In Bob Bly's recent post entitled "The Great Madison Avenue Branding Rip-Off,' he and friend Richard Armstrong argues:
“'Get three Madison Avenue types in a room and it’s ‘branding’ this and ‘branding’ that. But it’s ridiculous... it’s just one of MANY credibility factors that go into an advertisement.'
... The conclusion: branding is just one of many CREDIBILITY factors in marketing … and credibility is just one of multiple factors in selling … so to devote your advertising to building the brand is to do something like 1/10th of the selling job it should be doing."
I've worked on both the agency and client sides of the table, and here's my take:
- Agency execs are right: the brand is paramount.
- Ed and Richard are right: credibility and reputation are paramount.
A brand is an idea in the minds of constituents (customers, employees, etc.)... and that idea is created by what a company says (marketing) and does (operations.) A brand is the sum total of what people think about your company. Sometimes it's schizophrenic, or says one thing and does another, in which case credibility is shot.
An effective brand keeps its promises. Advertising should communicate the brand promise, and operations should fulfill it. Everything should work together. Think Apple, probably the most coherent brand on the planet.
So, back to the original discussion: no, agencies are not off-base by focusing on the brand. However, I don't believe that many of them are going about it the right way. IMO, there are two core issues here: first is the fallacy of 'brand advertising', and the second is that agencies are usually not well-suited to do brand strategy.
The brand-advertising fallacy:
As a client, I was told by my (nationally recognized) ad agency: "no, we cannot do response-oriented advertising until we've run 'brand' advertising for at least 3 months." Sorry, but that sets off my bullsh*t meter. The imagery, tone of voice, tag line, copy... there are plenty of elements that can deliver the brand message in conjunction with a sales promotion. CFOs don't have the patience for so-called 'brand advertising' anymore, and marketing is now accountable for results.

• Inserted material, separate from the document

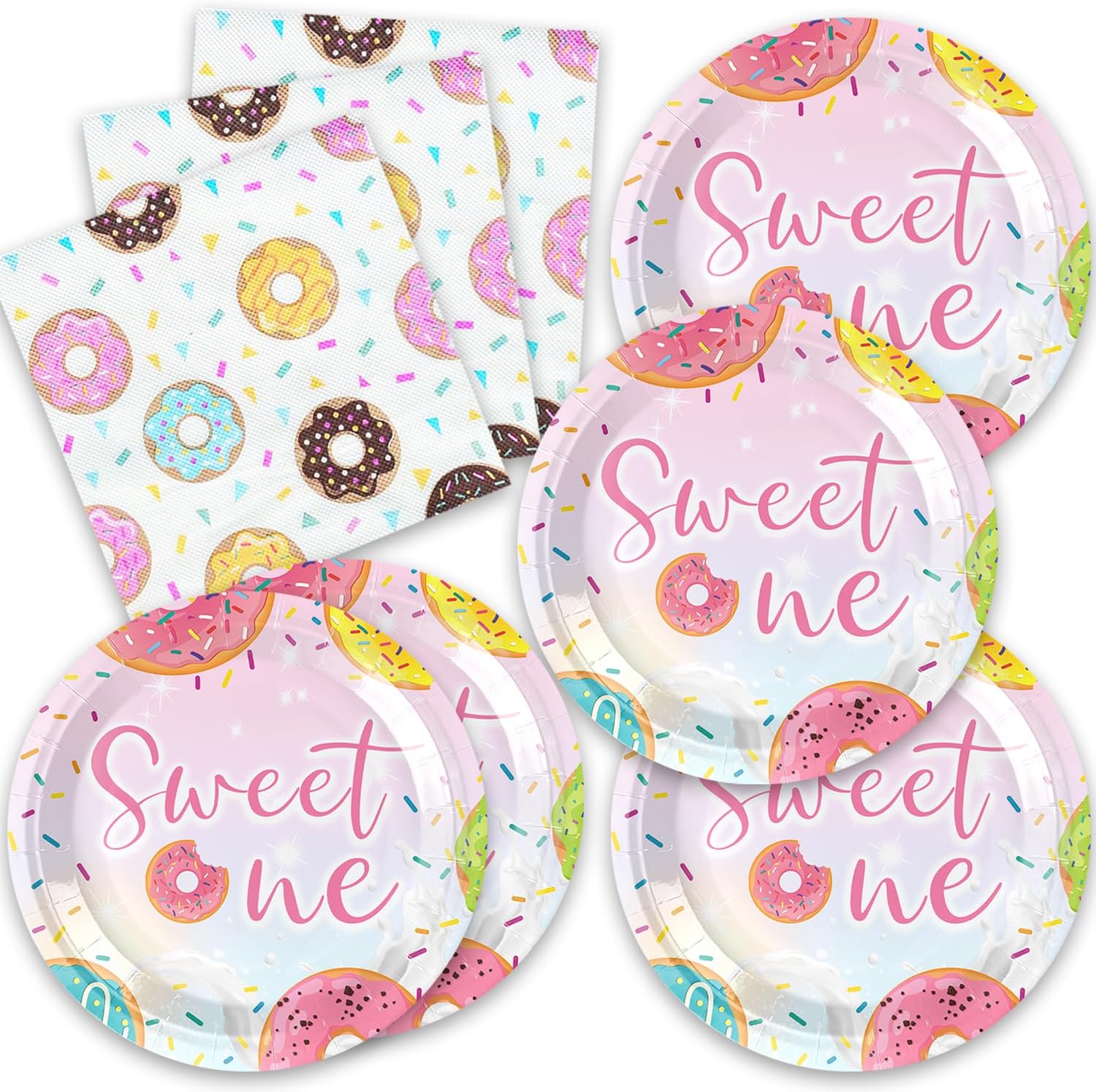 40pcs Donut Party Supplies,include 20 Dessert plate and 20 Napkin,Sweet one Party Plate Napkin Set,Used for Candyland Party Decoration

Agency effectiveness in branding:
I'm probably going to take some heat for this, but I personally don't believe that a traditional ad agency can do an effective, unbiased job at brand strategy. Their primary sources of revenue are ongoing campaign development and media; the up-front strategy project is a means to an end. The objective in advertising-driven branding is to come up with a core selling point that can be communicated right now. But I have often found that the right brand strategy (ie. what the market really wants and no competitor is delivering) is not something that the client can deliver right now. I've often recommended that the client stop advertising because they're dumping money down a black hole by running ads that are not relevant to the target audience... yet they're not operationally prepared to deliver on what the customer really wants.

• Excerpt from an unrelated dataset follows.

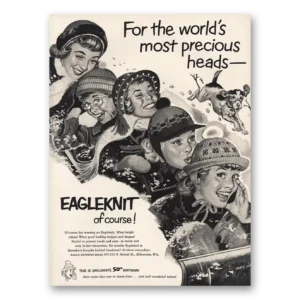 1952 Eagleknit Headwear Print Ad | Most Precious Heads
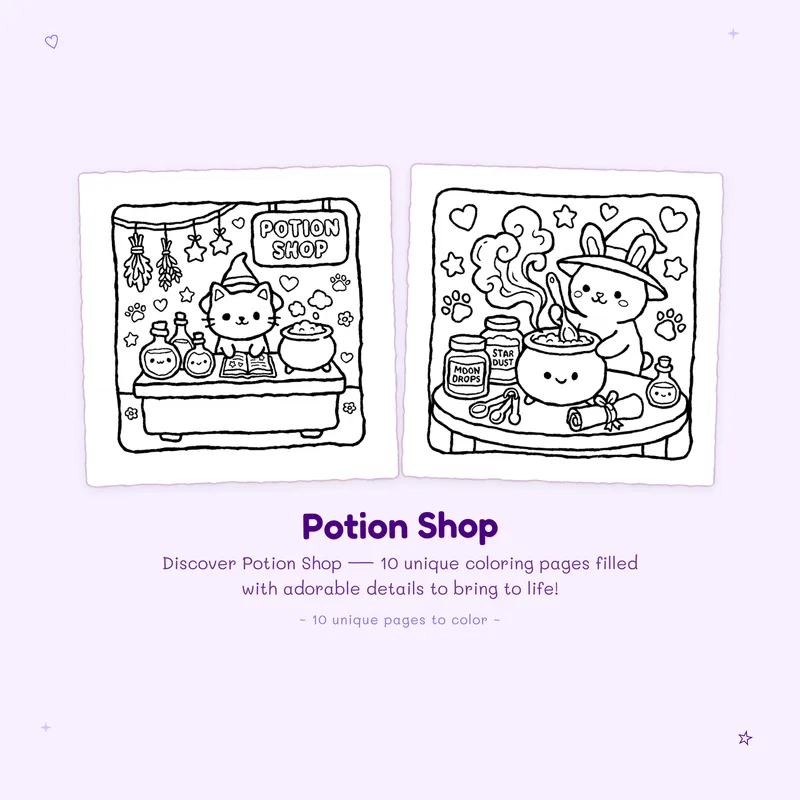Fantasy Potion Shop coloring book pages with bold outlines and simple designs for easy coloring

The brand project deliverable from an agency is an ad campaign. The project deliverable from an independent brand strategy firm is a set of recommendations for every aspect of the business -- including the internal culture -- to bring it more in alignment with the open market opportunity.

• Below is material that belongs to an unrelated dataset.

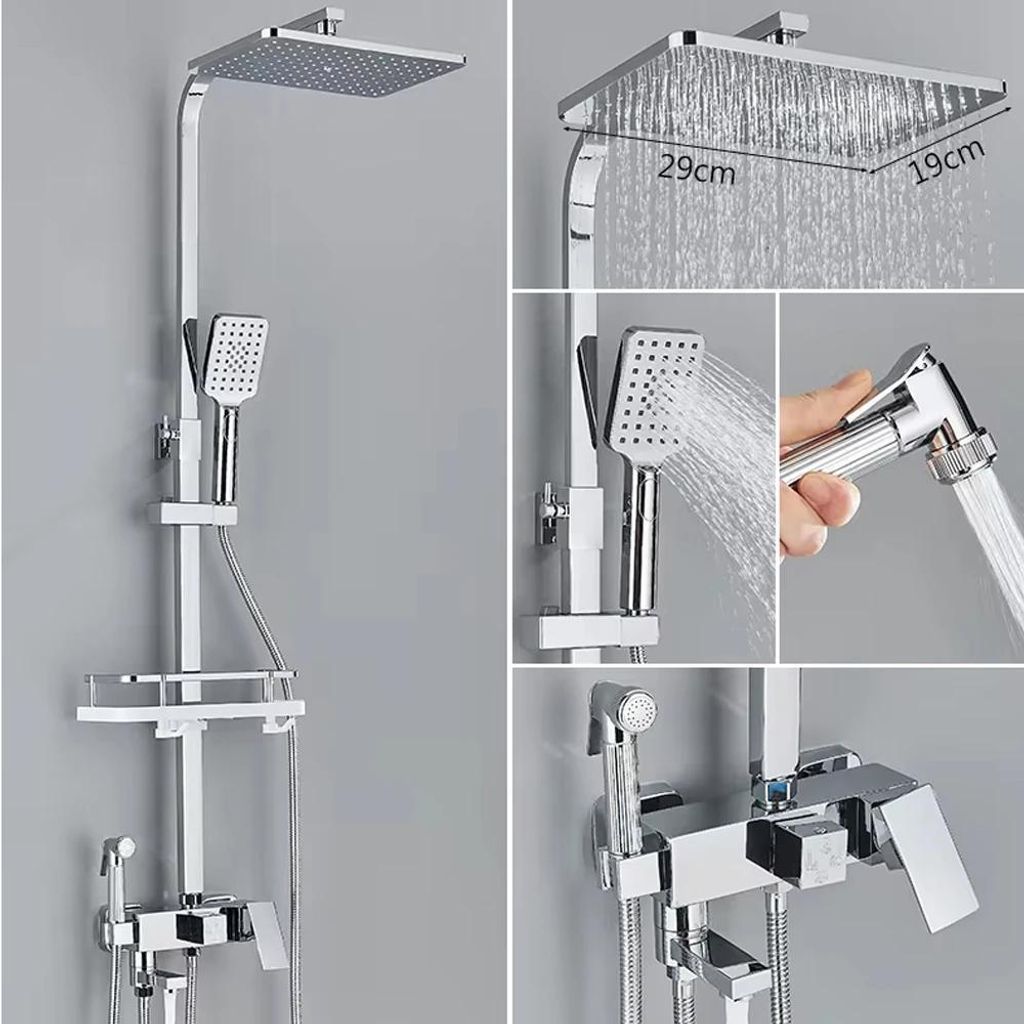 Duschsystem - Regendusche Set - 4 Funktionen, Höhenverstellbar & Schwenkbar, 20 cm Kopfbrause, Messingarmatur, Keramikkartusche, ABS - Chrom/Weiß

Don't get me wrong; the really good account-planning agencies do fantastic work in creating highly relevant, effective ads that reposition brands in a more positive light. It helps when the company is already delivering a positive experience but perhaps hasn't figured out how to communicate it effectively. Yet I also strongly believe that since the ad agency is an outsider with no influence over operations, they cannot initiate or effect a fundamental brand shift when it's necessary... unless they're working for a client who understands how to translate the agency's strategy into operations, and has the clout to get it done.
Yes, I admit this post is a bit biased... I am, after all, an independent brand strategist. But I started my business precisely because I experienced the difficulty in creating effective brand strategies for my clients when working for an agency. Sometimes we were grasping at straws for an ad promise that was deliverable, desirable and distinctive, and we had no opportunities to impact the core business. We took what we could get.
Final thought: branding starts with the CEO and executive team, not with advertising. And neither an agency nor an independent brand strategy firm can make a whit of impact if the executive team doesn't buy in.